* Directions for this task: Begin with the line that holds "Ο Macaulay Culkin" and repeat each line after it exactly, ending with the last line of the listing.

* Task material:
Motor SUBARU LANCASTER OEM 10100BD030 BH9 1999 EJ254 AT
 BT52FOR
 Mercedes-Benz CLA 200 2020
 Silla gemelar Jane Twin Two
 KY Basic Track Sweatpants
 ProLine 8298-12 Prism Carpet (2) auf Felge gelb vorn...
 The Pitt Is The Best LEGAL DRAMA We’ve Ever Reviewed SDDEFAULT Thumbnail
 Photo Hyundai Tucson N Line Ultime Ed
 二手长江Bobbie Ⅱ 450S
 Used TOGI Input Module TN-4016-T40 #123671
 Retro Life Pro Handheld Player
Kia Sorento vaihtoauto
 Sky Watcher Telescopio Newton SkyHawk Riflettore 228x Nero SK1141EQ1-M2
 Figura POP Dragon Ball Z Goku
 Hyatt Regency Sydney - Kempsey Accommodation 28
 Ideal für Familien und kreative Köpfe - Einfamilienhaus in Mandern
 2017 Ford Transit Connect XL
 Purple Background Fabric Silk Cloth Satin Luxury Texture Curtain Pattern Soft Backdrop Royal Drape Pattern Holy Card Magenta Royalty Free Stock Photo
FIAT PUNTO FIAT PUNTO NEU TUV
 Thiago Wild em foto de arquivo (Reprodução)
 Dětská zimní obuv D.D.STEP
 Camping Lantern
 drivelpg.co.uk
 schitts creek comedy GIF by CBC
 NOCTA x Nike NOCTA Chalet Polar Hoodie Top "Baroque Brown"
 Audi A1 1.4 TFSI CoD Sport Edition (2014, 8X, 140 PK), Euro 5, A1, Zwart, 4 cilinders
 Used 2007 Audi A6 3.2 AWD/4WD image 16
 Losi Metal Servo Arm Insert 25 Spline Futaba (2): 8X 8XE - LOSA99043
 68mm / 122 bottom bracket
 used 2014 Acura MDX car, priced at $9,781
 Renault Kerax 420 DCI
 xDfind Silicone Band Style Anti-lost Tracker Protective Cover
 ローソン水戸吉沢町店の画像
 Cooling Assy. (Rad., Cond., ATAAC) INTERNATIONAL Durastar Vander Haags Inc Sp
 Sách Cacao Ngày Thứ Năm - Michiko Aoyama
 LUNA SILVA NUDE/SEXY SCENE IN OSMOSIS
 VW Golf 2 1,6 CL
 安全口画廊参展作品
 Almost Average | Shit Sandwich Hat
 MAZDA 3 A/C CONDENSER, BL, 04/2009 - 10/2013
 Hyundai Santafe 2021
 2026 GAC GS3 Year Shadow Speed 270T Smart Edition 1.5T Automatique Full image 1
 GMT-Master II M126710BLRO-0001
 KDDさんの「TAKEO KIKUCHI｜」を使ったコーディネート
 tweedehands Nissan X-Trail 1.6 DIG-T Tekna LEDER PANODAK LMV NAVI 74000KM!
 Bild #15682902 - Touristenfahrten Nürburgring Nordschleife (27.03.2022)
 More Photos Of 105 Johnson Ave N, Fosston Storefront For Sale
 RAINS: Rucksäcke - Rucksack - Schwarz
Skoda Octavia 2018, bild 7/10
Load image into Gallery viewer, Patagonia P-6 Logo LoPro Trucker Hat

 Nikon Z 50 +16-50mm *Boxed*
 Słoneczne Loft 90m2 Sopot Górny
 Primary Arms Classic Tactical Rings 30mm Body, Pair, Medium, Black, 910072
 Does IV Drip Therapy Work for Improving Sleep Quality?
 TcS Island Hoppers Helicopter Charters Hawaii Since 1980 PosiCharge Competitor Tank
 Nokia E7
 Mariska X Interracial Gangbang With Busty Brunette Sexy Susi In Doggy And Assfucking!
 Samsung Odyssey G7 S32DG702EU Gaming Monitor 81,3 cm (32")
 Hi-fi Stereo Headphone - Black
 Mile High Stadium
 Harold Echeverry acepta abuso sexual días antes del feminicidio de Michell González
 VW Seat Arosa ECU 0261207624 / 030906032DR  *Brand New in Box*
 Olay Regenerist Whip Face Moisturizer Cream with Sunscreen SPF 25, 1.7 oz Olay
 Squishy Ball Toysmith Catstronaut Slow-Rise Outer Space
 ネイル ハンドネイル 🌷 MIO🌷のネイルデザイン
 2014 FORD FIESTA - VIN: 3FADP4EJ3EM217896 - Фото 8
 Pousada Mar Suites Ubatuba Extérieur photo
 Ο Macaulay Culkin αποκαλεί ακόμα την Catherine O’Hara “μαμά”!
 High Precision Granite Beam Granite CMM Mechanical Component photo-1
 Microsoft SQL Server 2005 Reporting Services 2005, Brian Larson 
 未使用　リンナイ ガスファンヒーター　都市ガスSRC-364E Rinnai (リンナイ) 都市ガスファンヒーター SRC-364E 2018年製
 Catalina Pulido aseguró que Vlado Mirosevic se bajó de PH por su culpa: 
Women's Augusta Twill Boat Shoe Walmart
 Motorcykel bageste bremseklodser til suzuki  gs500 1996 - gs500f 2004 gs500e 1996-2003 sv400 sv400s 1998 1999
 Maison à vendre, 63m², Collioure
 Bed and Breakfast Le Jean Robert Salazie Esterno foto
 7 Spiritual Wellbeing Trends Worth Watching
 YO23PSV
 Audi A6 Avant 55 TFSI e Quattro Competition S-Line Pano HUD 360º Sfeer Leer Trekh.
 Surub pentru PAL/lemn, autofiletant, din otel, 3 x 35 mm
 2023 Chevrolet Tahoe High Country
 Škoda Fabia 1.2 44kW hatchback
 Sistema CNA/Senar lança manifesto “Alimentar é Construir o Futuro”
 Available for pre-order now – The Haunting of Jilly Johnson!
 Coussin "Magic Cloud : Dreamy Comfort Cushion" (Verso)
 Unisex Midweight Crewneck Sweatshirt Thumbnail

* Solved exercise:
 Ο Macaulay Culkin αποκαλεί ακόμα την Catherine O’Hara “μαμά”!
 High Precision Granite Beam Granite CMM Mechanical Component photo-1
 Microsoft SQL Server 2005 Reporting Services 2005, Brian Larson 
 未使用　リンナイ ガスファンヒーター　都市ガスSRC-364E Rinnai (リンナイ) 都市ガスファンヒーター SRC-364E 2018年製
 Catalina Pulido aseguró que Vlado Mirosevic se bajó de PH por su culpa: 
Women's Augusta Twill Boat Shoe Walmart
 Motorcykel bageste bremseklodser til suzuki  gs500 1996 - gs500f 2004 gs500e 1996-2003 sv400 sv400s 1998 1999
 Maison à vendre, 63m², Collioure
 Bed and Breakfast Le Jean Robert Salazie Esterno foto
 7 Spiritual Wellbeing Trends Worth Watching
 YO23PSV
 Audi A6 Avant 55 TFSI e Quattro Competition S-Line Pano HUD 360º Sfeer Leer Trekh.
 Surub pentru PAL/lemn, autofiletant, din otel, 3 x 35 mm
 2023 Chevrolet Tahoe High Country
 Škoda Fabia 1.2 44kW hatchback
 Sistema CNA/Senar lança manifesto “Alimentar é Construir o Futuro”
 Available for pre-order now – The Haunting of Jilly Johnson!
 Coussin "Magic Cloud : Dreamy Comfort Cushion" (Verso)
 Unisex Midweight Crewneck Sweatshirt Thumbnail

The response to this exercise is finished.